> Task objective: All of the data should be given again word for word, though the images are to be left out.

Segment Start: Data provided

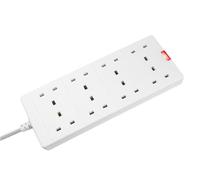 Masterplug BEN210-MP - Cable alargador de Ocho enchufes con indicador de alimentación, 2 Metros, Color Blanco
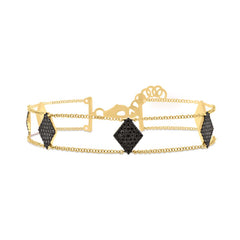 0.41ct 14k Yellow Gold Black Diamond Pave Lady's Bracelet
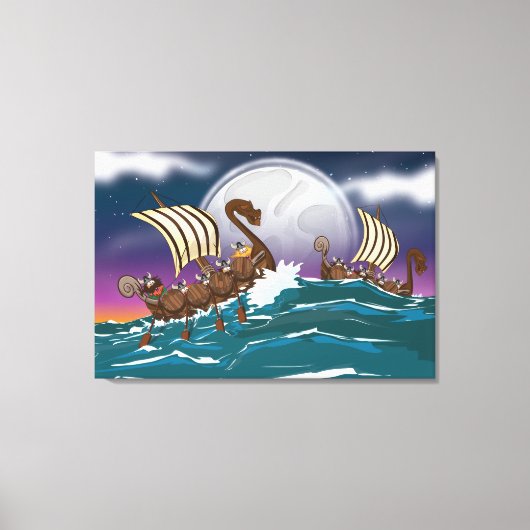 Cartoon Viking-vloot Canvas Afdruk (Voorkant)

Segment End: Data provided

> Answer section:
 Masterplug BEN210-MP - Cable alargador de Ocho enchufes con indicador de alimentación, 2 Metros, Color Blanco
 0.41ct 14k Yellow Gold Black Diamond Pave Lady's Bracelet
 Cartoon Viking-vloot Canvas Afdruk (Voorkant)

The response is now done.